Washington - Ginge es nach den Buchmachern, kommt der nächste Präsident der Weltbank aus Afghanistan. Bei den Wettbüros ist Ashraf Ghani, ein Ökonomieprofessor mit globalen Kontakten, der klare Favorit, wenn es gilt, Paul Wolfowitz zu beerben, den wegen einer Gehaltsaffäre ausscheidenden Chef des Finanzinstituts.

Nicht nur Wettketten wie Ladbrokes sehen Ghani vorn. Auch in der Gemeinde der Entwicklungshelfer, als deren Hirn sich die Bank versteht, hat der 58-Jährige gute Karten. Der Prototyp des Weltbürgers: Geboren in Kabul, ging er in den Westen, machte bei der Weltbank in Washington Karriere, bevor er in seine Heimat zurückkehrte, um beim Wiederaufbau zu helfen.

Nach dem Sturz der Taliban wurde Ghani Finanzminister, organisierte Reformen, kanalisierte den Strom internationaler Hilfsgelder. 2005 wechselte er an die Universität Kabul, um Rektor zu werden. Neben der afghanischen besitzt er die US-Staatsbürgerschaft, womit er zum engeren Kreis der Bewerber zählt, die US-Präsident George W. Bush sondiert.

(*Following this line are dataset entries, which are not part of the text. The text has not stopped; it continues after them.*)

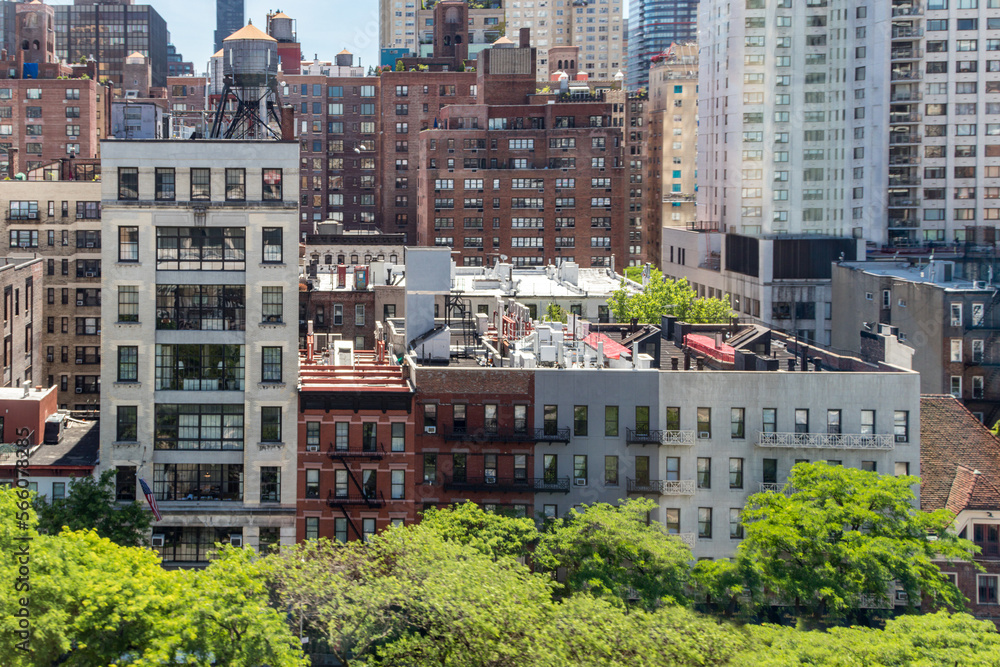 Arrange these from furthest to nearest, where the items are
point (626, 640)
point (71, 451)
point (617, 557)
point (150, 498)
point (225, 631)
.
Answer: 1. point (71, 451)
2. point (150, 498)
3. point (617, 557)
4. point (626, 640)
5. point (225, 631)

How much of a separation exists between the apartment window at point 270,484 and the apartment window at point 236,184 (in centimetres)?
1577

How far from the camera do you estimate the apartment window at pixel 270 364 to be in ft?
246

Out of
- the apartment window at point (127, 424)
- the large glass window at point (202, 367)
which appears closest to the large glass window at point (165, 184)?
the large glass window at point (202, 367)

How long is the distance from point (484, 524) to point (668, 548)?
10407 mm

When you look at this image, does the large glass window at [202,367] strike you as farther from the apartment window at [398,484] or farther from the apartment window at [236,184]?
the apartment window at [398,484]

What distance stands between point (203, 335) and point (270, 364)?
419 centimetres

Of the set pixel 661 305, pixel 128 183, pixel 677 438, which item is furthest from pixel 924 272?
pixel 128 183

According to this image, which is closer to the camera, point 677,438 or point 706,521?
point 677,438

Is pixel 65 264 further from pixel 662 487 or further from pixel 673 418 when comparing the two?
pixel 662 487

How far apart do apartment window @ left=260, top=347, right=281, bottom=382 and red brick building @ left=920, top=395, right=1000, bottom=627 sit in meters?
40.4

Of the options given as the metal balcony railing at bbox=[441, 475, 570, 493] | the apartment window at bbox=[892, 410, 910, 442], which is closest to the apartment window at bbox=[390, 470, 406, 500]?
the metal balcony railing at bbox=[441, 475, 570, 493]

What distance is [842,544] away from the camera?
6694 cm

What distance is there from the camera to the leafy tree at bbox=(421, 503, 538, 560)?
68.2 metres

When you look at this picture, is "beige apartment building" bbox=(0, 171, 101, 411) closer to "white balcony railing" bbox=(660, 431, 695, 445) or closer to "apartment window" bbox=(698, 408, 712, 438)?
"white balcony railing" bbox=(660, 431, 695, 445) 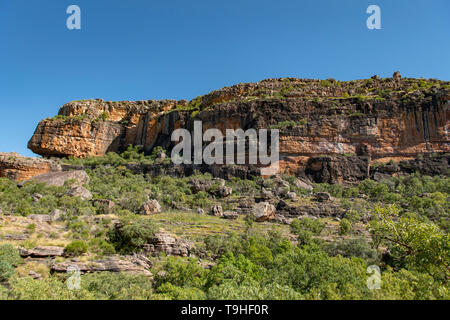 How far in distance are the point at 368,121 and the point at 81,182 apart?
130ft

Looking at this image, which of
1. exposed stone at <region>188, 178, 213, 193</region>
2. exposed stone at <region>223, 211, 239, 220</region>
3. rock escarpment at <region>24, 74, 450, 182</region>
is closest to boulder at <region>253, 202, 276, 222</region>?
exposed stone at <region>223, 211, 239, 220</region>

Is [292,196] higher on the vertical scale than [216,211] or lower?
higher

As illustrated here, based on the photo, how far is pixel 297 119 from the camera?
139 feet

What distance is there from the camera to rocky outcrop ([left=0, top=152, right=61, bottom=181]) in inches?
1320

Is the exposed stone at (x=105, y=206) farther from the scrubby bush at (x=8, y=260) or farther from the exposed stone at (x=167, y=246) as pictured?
the scrubby bush at (x=8, y=260)

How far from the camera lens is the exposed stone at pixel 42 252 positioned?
42.9 ft

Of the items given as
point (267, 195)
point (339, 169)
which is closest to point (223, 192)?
point (267, 195)

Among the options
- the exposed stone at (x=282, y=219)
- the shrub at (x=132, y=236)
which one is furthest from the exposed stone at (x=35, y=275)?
the exposed stone at (x=282, y=219)

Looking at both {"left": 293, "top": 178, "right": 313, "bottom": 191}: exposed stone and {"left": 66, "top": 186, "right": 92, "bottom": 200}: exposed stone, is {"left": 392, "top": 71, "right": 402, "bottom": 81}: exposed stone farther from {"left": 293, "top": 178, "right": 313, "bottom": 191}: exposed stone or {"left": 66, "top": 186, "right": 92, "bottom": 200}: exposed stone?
{"left": 66, "top": 186, "right": 92, "bottom": 200}: exposed stone

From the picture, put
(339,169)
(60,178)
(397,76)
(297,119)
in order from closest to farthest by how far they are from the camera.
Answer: (60,178), (339,169), (297,119), (397,76)

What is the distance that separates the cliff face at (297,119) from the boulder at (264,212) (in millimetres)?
13021

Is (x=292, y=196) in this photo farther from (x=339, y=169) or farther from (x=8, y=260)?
(x=8, y=260)

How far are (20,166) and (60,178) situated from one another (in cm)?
603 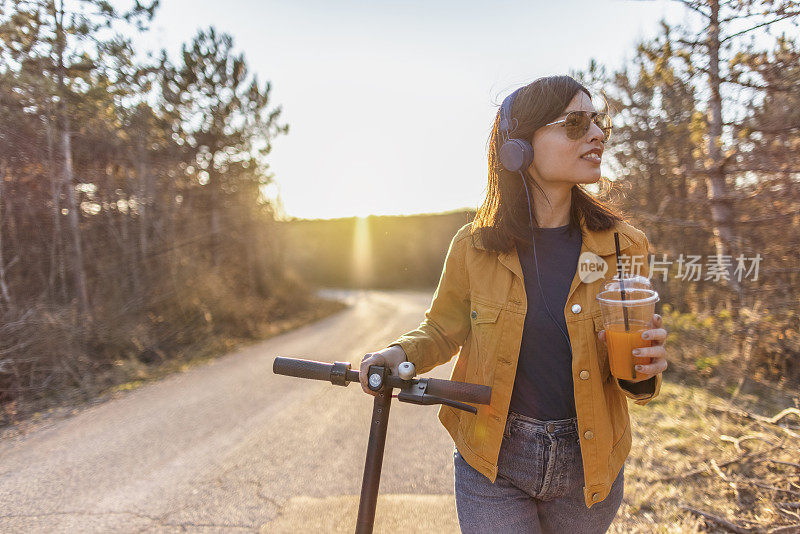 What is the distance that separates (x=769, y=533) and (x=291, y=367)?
8.98ft

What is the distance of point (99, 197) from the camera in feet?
30.1

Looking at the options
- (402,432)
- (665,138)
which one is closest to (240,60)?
(665,138)

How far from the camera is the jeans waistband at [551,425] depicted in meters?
1.52

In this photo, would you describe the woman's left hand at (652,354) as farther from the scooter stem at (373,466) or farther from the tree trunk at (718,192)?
the tree trunk at (718,192)

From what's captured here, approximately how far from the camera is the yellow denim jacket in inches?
59.1

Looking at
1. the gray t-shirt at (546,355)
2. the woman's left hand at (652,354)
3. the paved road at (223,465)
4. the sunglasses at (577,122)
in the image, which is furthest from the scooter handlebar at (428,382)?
the paved road at (223,465)

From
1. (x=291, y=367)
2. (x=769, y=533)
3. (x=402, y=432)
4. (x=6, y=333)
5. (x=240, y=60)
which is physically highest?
(x=240, y=60)

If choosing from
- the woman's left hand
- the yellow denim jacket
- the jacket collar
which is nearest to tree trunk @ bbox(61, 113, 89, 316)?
the yellow denim jacket

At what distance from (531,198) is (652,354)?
671 millimetres

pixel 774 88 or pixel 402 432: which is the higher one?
pixel 774 88

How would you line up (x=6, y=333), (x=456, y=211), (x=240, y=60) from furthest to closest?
(x=456, y=211)
(x=240, y=60)
(x=6, y=333)

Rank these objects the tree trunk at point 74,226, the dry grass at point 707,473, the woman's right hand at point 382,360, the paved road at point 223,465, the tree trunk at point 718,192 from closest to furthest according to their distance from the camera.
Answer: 1. the woman's right hand at point 382,360
2. the dry grass at point 707,473
3. the paved road at point 223,465
4. the tree trunk at point 718,192
5. the tree trunk at point 74,226

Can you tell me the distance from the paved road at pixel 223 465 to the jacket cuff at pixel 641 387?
2.01 meters

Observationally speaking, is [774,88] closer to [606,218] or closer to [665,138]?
[606,218] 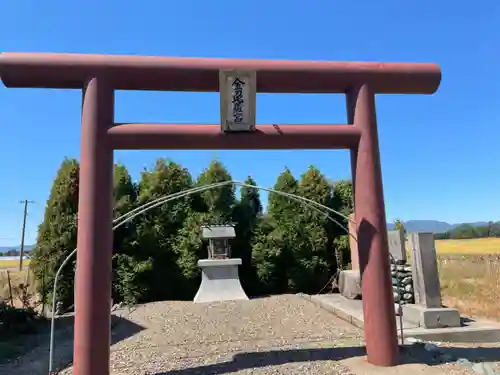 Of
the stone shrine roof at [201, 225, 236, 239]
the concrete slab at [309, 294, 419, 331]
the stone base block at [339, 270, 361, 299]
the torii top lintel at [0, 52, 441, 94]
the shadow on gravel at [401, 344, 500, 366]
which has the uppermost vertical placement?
the torii top lintel at [0, 52, 441, 94]

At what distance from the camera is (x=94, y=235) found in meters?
4.30

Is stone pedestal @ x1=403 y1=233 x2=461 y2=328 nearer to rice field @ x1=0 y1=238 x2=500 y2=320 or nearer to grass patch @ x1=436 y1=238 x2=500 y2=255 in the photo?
rice field @ x1=0 y1=238 x2=500 y2=320

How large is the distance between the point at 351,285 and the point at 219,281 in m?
3.51

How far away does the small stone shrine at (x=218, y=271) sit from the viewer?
34.8 feet

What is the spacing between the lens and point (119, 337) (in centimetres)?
693

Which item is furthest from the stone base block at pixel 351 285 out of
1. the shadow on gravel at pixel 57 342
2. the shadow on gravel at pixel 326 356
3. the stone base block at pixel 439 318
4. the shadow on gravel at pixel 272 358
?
the shadow on gravel at pixel 57 342

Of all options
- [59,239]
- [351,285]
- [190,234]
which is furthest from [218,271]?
[59,239]

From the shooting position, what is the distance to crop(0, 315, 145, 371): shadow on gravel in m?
5.92

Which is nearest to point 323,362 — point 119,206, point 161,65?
point 161,65

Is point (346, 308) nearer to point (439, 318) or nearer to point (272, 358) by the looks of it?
point (439, 318)

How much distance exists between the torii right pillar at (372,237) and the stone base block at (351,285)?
5.45 meters

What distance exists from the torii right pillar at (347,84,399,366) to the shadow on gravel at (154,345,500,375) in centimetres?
44

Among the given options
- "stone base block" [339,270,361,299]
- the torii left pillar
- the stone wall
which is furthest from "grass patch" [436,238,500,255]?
the torii left pillar

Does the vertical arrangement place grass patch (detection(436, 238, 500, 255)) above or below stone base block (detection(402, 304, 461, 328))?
above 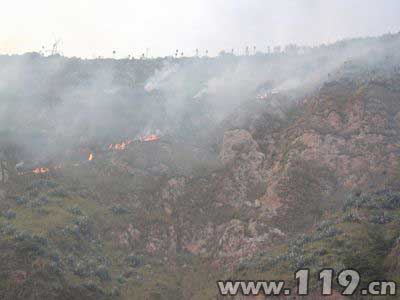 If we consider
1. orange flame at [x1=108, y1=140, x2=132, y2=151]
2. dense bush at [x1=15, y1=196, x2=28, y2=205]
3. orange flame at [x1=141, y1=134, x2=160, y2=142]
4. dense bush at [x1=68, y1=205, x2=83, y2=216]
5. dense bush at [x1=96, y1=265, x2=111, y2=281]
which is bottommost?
dense bush at [x1=96, y1=265, x2=111, y2=281]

Nach einer ungeschriebenen Regel kommt nur ein Amerikaner für die Spitze der Weltbank infrage, während ein Europäer den Internationalen Währungsfonds leitet. Daran gibt es Kritik. „Die Zeit ist reif, nach dem besten Bewerber Ausschau zu halten, wo immer er herkommen mag“, kontert Alison Cave, die Vorsitzende der Mitarbeiter-Vereinigung der Weltbank. Die New York Times pflichtete ihr bei.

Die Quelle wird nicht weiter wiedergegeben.